### Supplied data
------------
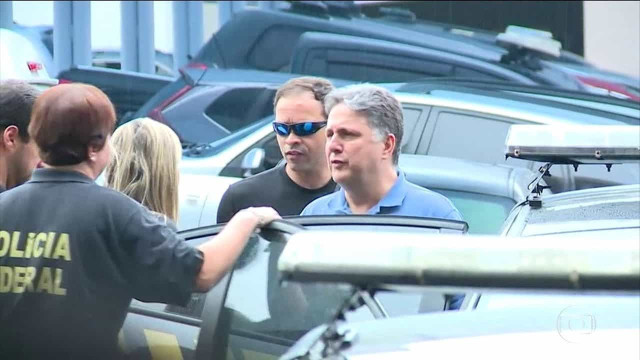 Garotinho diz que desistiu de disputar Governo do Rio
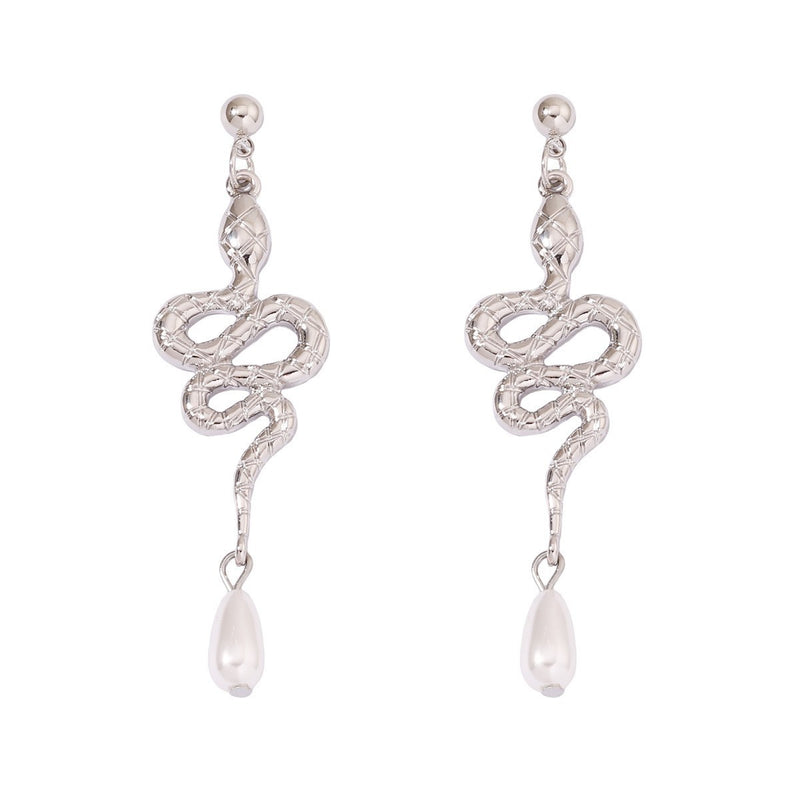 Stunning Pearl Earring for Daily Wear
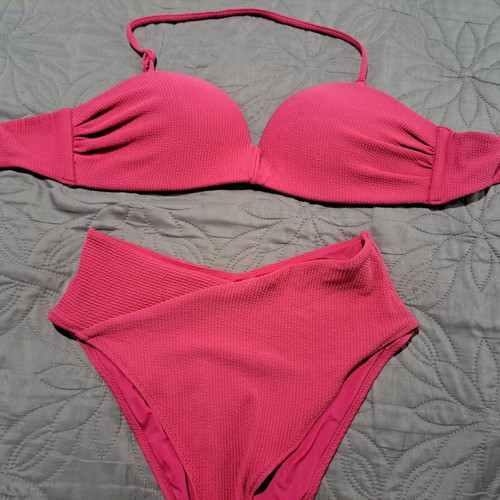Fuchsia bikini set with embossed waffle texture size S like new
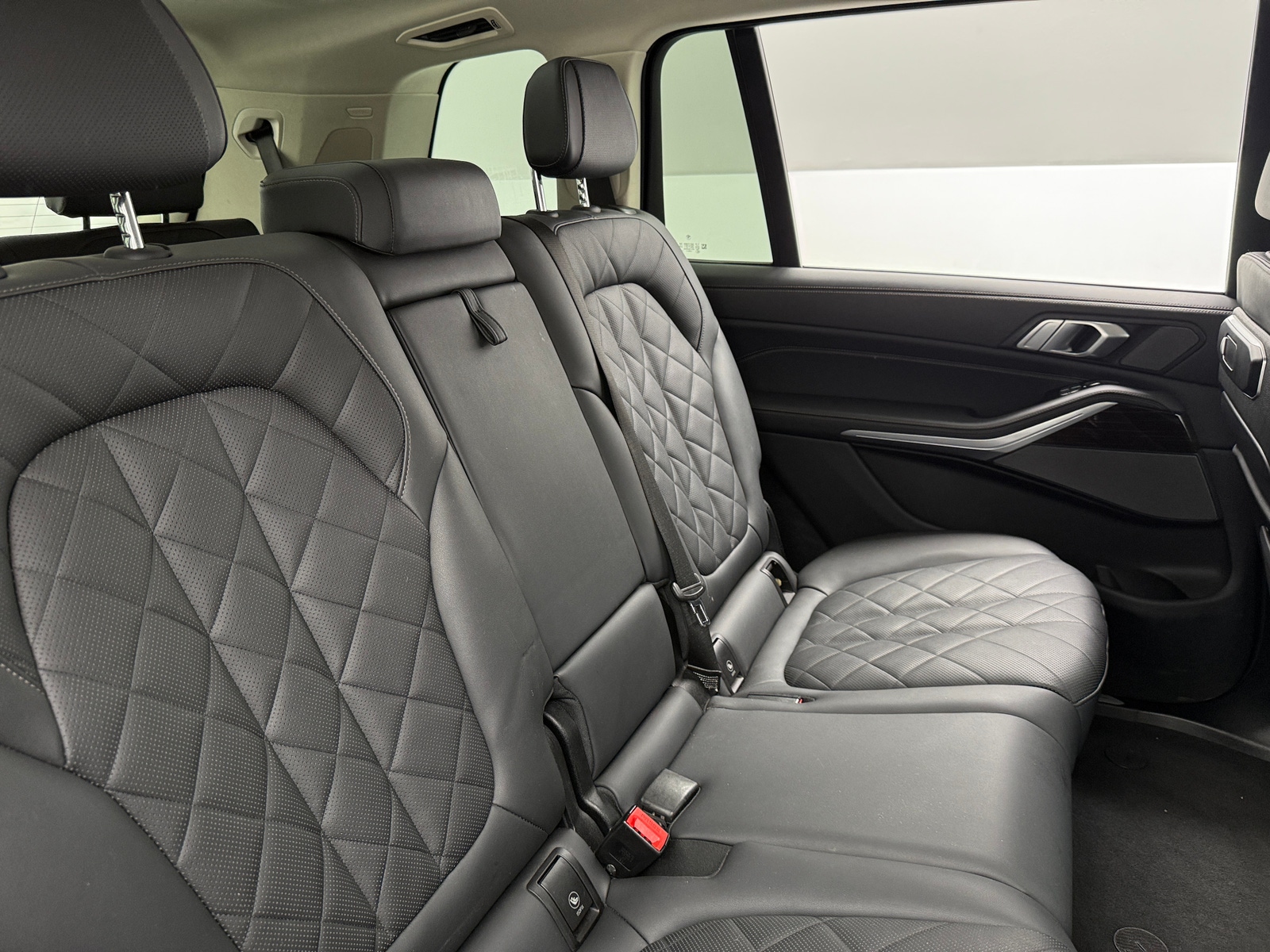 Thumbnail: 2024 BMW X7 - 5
------------
### Problem
Everything but the pictures is needed: copy the data above exactly.

### Solution to this problem
 Garotinho diz que desistiu de disputar Governo do Rio
 Stunning Pearl Earring for Daily Wear
Fuchsia bikini set with embossed waffle texture size S like new
 Thumbnail: 2024 BMW X7 - 5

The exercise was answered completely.